빨간색 subgraph의 경우에는, edge가 하나 더 존재하기 때문에 해당되지 않음(정확히 똑같을 것)

Recurrence

4개의 motif가 존재함

정확히 같지는 않은 아이들

Significance of a Motif

실제로 더 많이 생성되는 network들이 random network보다 functional significance가 높음. 즉, motif의 경우, 무작위로 생성된 그래프보다 실제 네트워크에서 더 잘 표현이 됨. Overrepresented

Z-score를 통하여 통계적인 significance를 지표화하여 motif 계산 가능

$G^{rand}$을 generate해야 하는데 이 때 사용하는 model은 configuration model

Network Significance Profile(SP)
- Z-score를 normalize하는 값 $$SP_i = \frac{Z_i}{\sqrt{\sum_j Z_j^2}}$$
- subgraph의 상대적인 significance를 강조할 때 사용하기 위함

Z-score를 비교하기 위하여, Random Graph를 생성해야 함!

Configuration Model

주어진 degree sequence $k_1, k_2, \cdots, k_N$을 이용하여 random graph를 생성하기 위함

실제 그래프 $G^{real}$와 random 그래프 $G^{rand}$는 같은 차수의 Sequence를 가지고 있음

각 node당 degree가 정해져 있으면 이를 랜덤하게 pair up할 것인데, 실제로 그래프가 만들어진 것을 보면 degree가 맞지 않는 문제가 발생하는 것을 확인할 수 있음(approximate degree sequence)

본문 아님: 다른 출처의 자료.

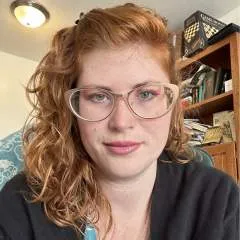 Randi And Jeremy photo on Jungo Live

Alternative for Spokes: Switching

주어진 그래프 G에서 switching step인 $Q\times |E|$번 아래의 단계를 반복
- edge의 pair를 선택하여 cross시켜서 바꾸기
  - 교체할 때, 자신을 가리키거나 두 node간 edge가 여러개일 경우에는 발생하지 않음
결과: randomly rewired graph
- same node degrees, randomly rewired edges
Q가 충분히 크게 되면, converge할 것

Detecting Motifs

$G^{real}$에서 subgraph인 $i$
$G^{rand}$에서 subgraph인 $i$
- $G^{rand}는 $G^{real}$와 똑같은 수의 node, edge, degree distribution을 가지고 있음
i에 대한 Z-score $$Z_i = \frac{(N_i^{real} - \bar{N}_i^{rand})}{std(N_i^{rand})}$$
Z-score가 높을 수록 subgraph $i$는 network G의 motif을 잘 나타냄

Variations on the Motif Concept

Graphlets: Node feature vectors

Graphlets: 연결된 비동형 subgraph

3, 4,5, ...,10개의 노드일 때, 2, 6, 21, ..., 11716571개의 graphlet

Graphlet Degree Vector

node-level subgraph metric(평가지표)를 알기 위하여 graphlet 사용
degree는 node와 연결되어 있는 edge의 개수를 의미
Graphlet degree vector는 node와 연결되어 있는 "graphlet의 개수"

Automorphism Orbits

그래프의 symmetry도 고려해줌
GDV: 각 orbit position에서 vector의 frequency를 가지는 vector

Graphlet Degree Vector(GDV)

Example

72개의 orbit, 15, 19, 27, 35에서 한개씩 구조를 가지고 있음을 확인할 수 있음

Finding Motifs and Graphlets

2 challenges of finding size-k motifs/graphlets

Enumerating: 모든 k 크기의 부분 그래프를 발생시키기
Counting: 서브그래프의 개수를 세는 NP-complete problem

Counting Subgraphs

Algorithm

Exact subgraph enumeration(ESU)
Kavosh
Subgraph sampling

Exact subgraph enumeration(ESU)

두개의 set를 가지는 recursive algorithm

$V_{subgraph}$: currently constructed subgraph(motif)
$V_{extension}$: set of candidate nodes to extend the motif

Idea

node $v$에서 시작하여 다른 node $u$를 $V_{extension}$에 아래의 조건이 부합할 경우 추가
- $u$의 node_id가 $v$보다 클 것
- $u$가 이미 $V_{subgraph}$에 포함되어 있는 노드가 아닐 경우, 그와 연결된 node임

ESU는 recursive funtion

tree구조를 하고 있기 때문에 ESU-Tree라고도 함

Algorithm

ESU-Tree Example

깊이가 k=3인 ESU-Tree

첫번째 단계에서 $V_{subgraph}$은 시작노드들로 구성되어 있고, $V_{extension}$는 해당 노드들과 연결되어 있는 $V_{subgraph}$보다 큰 node들이 추가되어 있음을 확인할 수 있다.
두 번째 단계에선 첫번째 단계에 있던 $V_{extension}$에 해당하는 값을 $V_{subgraph}$에 넣어주고 $V_{subgraph}$과 연결되어 있는 노드들을 입력해준다.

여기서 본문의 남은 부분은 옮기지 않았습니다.